Standard Deviation: Population versus Sample (specific example)

365 Views Asked by At

So, I'm trying to use a t-test to test a hypothesis regarding information: My students were given a question in which they chose either $1, 2, 3, 4$, or $5$ to determine how much they enjoyed my student teacher. I have two different classes with $2$ different sets of data and I want to compare the classes. Unfortunately, not all of my students chose to turn in the ranking. Out of my class of $33$, only $25$ turned it in and out of my class of $35$, only $14$ turned it in. When computing the values for my t-statistic and the degrees of freedom, do I use a population standard deviation or a sample standard deviation? I was always a bit confused, but would really like an answer specific to my situation.

1

There are 1 best solutions below

0
On

Sample vs. population standard deviation. I'm not exactly sure what you mean by sample vs. population SD. It is unusual to know the actual population standard deviation $\sigma,$ but if you do know it, then by all means use it. Why would you use the sample SD to estimate something you already know. (If you knew the population SD, you would use a normally distributed test statistic, not a t test.)

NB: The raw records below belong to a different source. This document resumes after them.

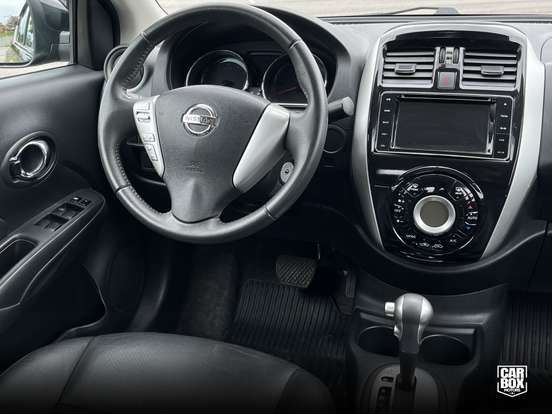 NISSAN-VERSA-2018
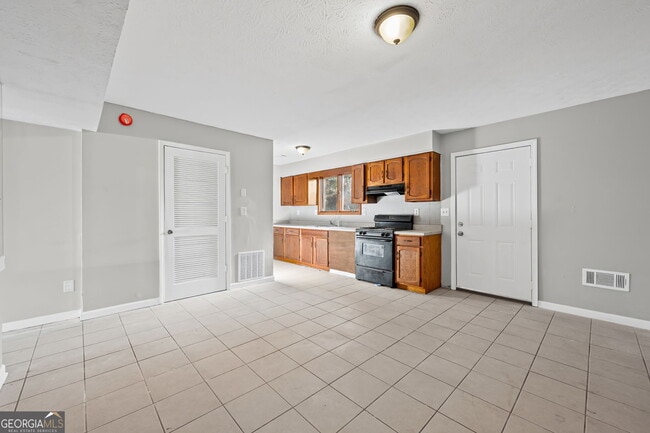 Building Photo - 2127 Golfview Dr SE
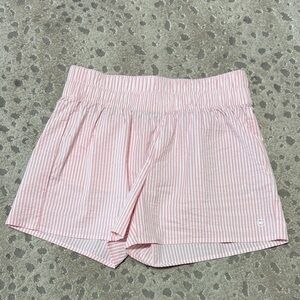 Vineyard vines shorts size medium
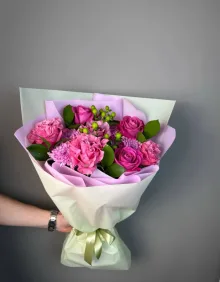 Сборный букет из роз и фиолетовой хризантемы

However, if you are asking whether you should divide the sum of the squared deviations by $n$ or by $n - 1$, then you should use the latter. Standard formulas, as for example the formula for a t-statistic are derived using $n-1.$

Pooled t test. For the pooled 2-sample t test one assumes (often without basis) that the two populations have the same SD (or variance). In that case, one computes a 'pooled' estimate of the common variance:

$$s_p^2 = \frac{(n_1 - 1)s_1^2 + (n_2 - 1)s_2^2}{n_1 + n_2 - 2},$$

where $n_i$ is the size of sample $i = 1,2,$ and $s_i^2$ are their sample variances (denominators $n_i -1$). Take the square root to get the pooled SD.

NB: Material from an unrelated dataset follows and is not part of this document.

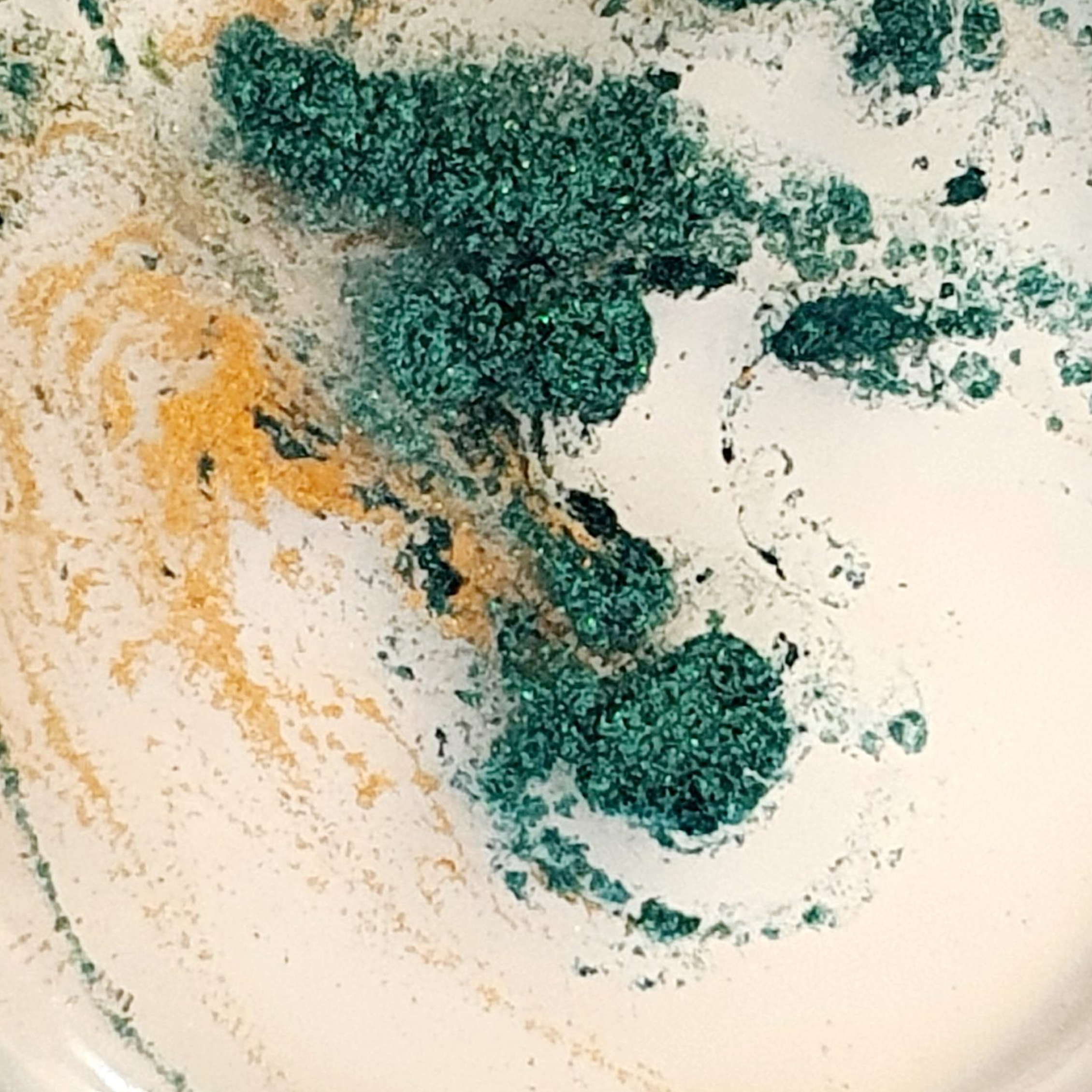 Label LN. Galerie d'art en occitanie à St-Quentin-La-Poterie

In this case the degrees of freedom (DF) for the t statistic are $n_1 - n_2 - 2.$ (The t statistic has the t distribution if the null hypothesis of equal means is true.) The test statistic is $$T = \frac{\bar X_1 - \bar X_2}{s_p\sqrt{1/n_1 + 1/n_2}}.$$

[Here the distribution theory is exact. The derivation of the distribution theory works fine when there is only one variance estimator involved, and we created that situation (perhaps fancifully) my assuming a common variance to estimate.]

Welch t test. The Welch or 'separate-variances' t test uses the test statistic

$$T^\prime = \frac{\bar X_1 - \bar X_2}{\sqrt{\frac{s_1^2}{n_1} + \frac{s_2^2}{n_2}}}.$$

When the null hypothesis is true, $T^\prime$ has approximately a t distribution with a rather complicated formula for DF. Again here, the $s_i^2$ are computed with $n_i - 1$ in denominators.

There is good theory behind the approximation, but most of what is known for practical applications is based on extensive simulation studies. The consensus is that one should always use the Welch test. It performs much better when population variances are not equal and essentially no worse when they are. (Most statistical software does the Welch test by default, and the pooled test only if one overrides the default.)

Notes: (1) I mention the Welch test here in particular because you said your sample sizes are unequal, and for such 'unbalanced' cases, it is especially important to use the Welch test.

(2) In the situation you describe, there may be 'selection bias', because not everyone participated. Is is fair to assume nonparticipants would have given the same rankings on average as those who participated?

(3) If your 'rankings' are highly discrete and far from normally distributed, t tests might not be appropriate. In that case a permutation test would probably be best. (Traditional nonparametric tests break down when there are more than a few tied observations.)